When what is in darkness is brought to light we either can redeem it OR we might find out others have the same thoughts and/or feelings we had previously tried to hide. 

Have you ever gone to your car after a sermon and wept? to your office and offered a tear? to your closet and cried? I have. I wish I could say it was years ago when I was not as mature or was still a novice, but, I must confess, the most recent time was today. It seems every time I think I have this thing called preaching figured out I get a curveball, or I drop the ball, or I just get sacked! Paul’s pen in 1 Corinthians 10 rings sound: “Therefore let anyone who thinks that he stands take heed lest he fall” (vs. 12). 

I woke up early, I always do on Sundays. Checked out my slide deck, went over my notes one more time, made another edit or two, I always do. On the drive to the building, I instinctively sang Jesus Loves Me and then breathed my prayed for the day for those I love and will preach to that day, it’s almost second nature. I met with my shepherds and a new family, we welcomed them, prayed with them, hoped to connect with them. One of the elders asked how I was doing and without even thinking I responded: “ask me in two hours and I’ll tell you.” 

Moments before the song before the lesson I told our song leader “I’m really excited about this sermon.” I can’t always say that, but on my best Sunday’s I hit a tipping point when I actually feel like “all systems go.” Today was that day.
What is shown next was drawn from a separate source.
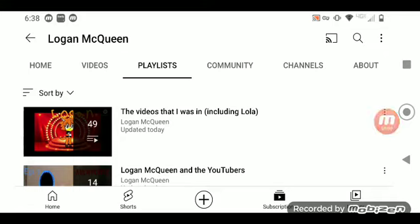Hey guys, it's Logan McQueen, and I'm just here to remind you guys about something on my channel. I made a new playlist.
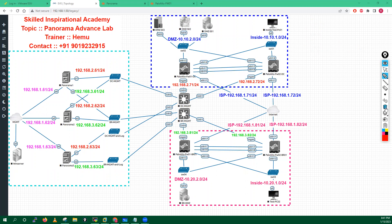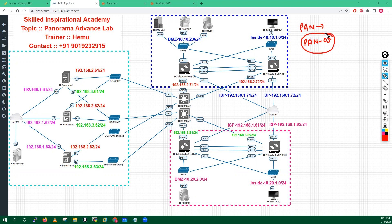A participant asks whether the same PAN-OS is used on both Panorama and Palo Alto firewalls, and whether the version is the same for both. The instructor clarifies that PAN-OS is simply the name of the operating system — like Windows is for PCs — and that the Palo Alto OS has a different set of configuration and coding, requiring a totally separate image download.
A full house, our second-largest crowd this year. Lots of guests. Fabulous singing. And somewhere between the floor and John 4, it fell apart. 
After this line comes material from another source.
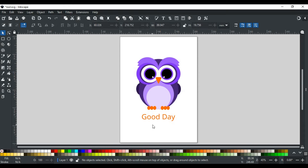In this video, we will discuss how to export your design with transparency. For example, I want to export this design without any background.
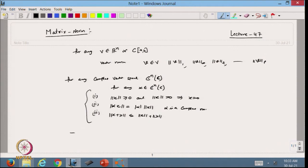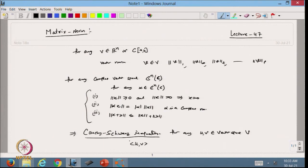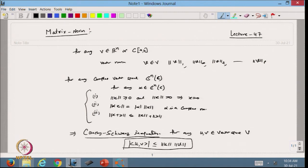We also discussed the famous Cauchy-Schwarz inequality. For any u and v belonging to a vector space V, we can generalize this: the inner product of u and v is less than the norm of u times the norm of v. This can be generalized to any vector space, and the inner product can be defined with different norms.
I preached too long, I didn’t think I connected, I couldn’t help the audience “get” what “I got” from the amazing text. I’d be shocked if 15% of the crowd even noticed, but I did. I felt I’d failed the saved who needed a Word, the lost who needed a Lifeline, even the Lord who gave me this time. I felt like I had failed and I couldn’t get out of the building and to my car fast enough. Because I knew what was coming. 

And I cried, and I prayed, and I asked God for help, and I committed to be and do better. I need to be reminded I’m still a learner, I’m an amateur, I still have a long way to do. I am still under and not over. I serve and am not served. I am a child, He is the Father. And I trust Him, not me. Thank You God for not quitting on me, I pledge not to quit on You.  

You ever cried after a sermon? I have.